■ EXERCISE ■
Omitting the pictures, print every line below exactly as it stands.
***** RAW DATA
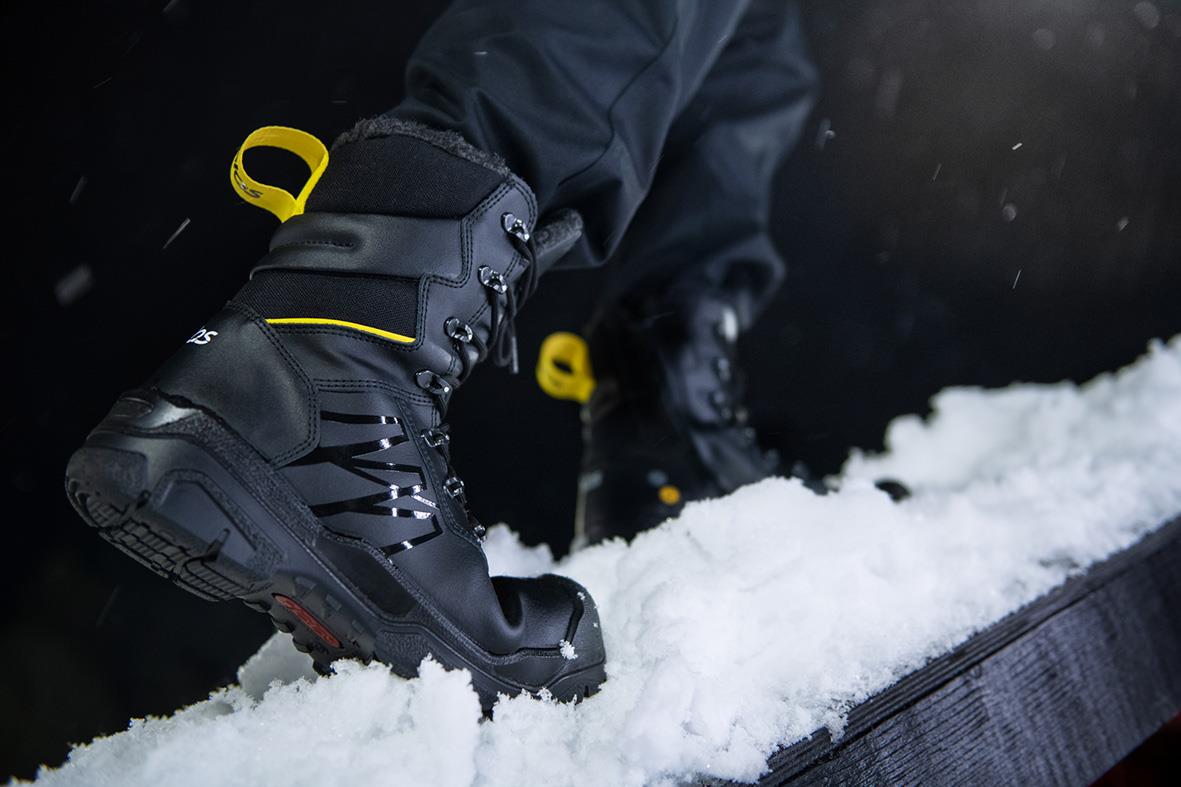 Skyddskänga Jalas 2808 Gran Premio 35 i snö, robust och vattentät design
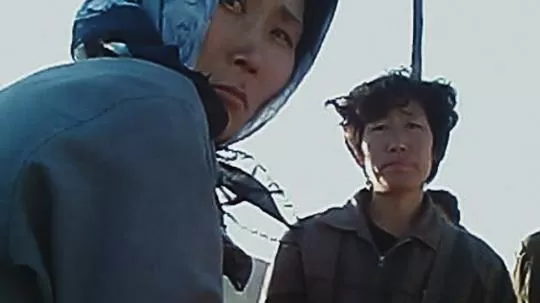 逃离乌托邦2023剧照2
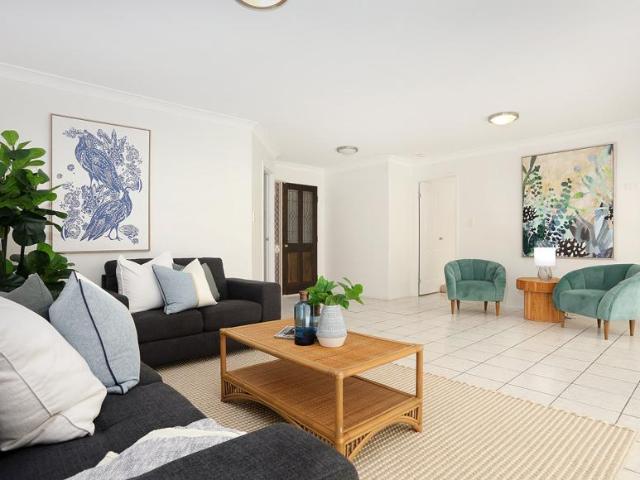 House 4 Bedroom For Rent Ashmore QLD 1200000 ES106137763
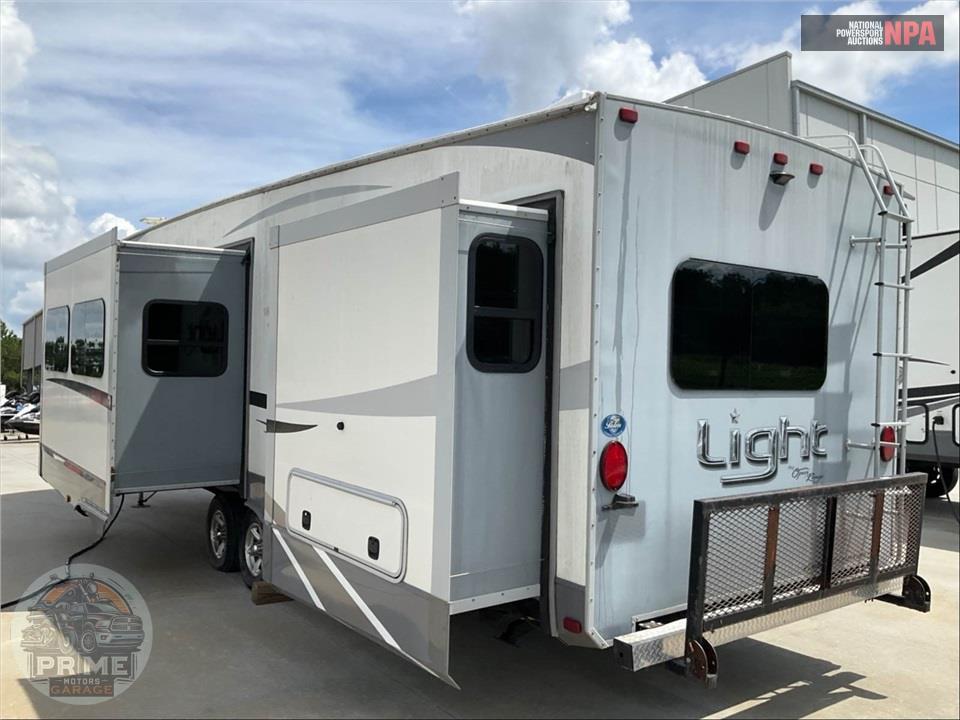 2017 Highland Ridge Rv M-295FBH - LIGHT FIFTH WHEEL SERIES — фото 3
**********
■ WRITTEN SOLUTION ■
 Skyddskänga Jalas 2808 Gran Premio 35 i snö, robust och vattentät design
 逃离乌托邦2023剧照2
 House 4 Bedroom For Rent Ashmore QLD 1200000 ES106137763
 2017 Highland Ridge Rv M-295FBH - LIGHT FIFTH WHEEL SERIES — фото 3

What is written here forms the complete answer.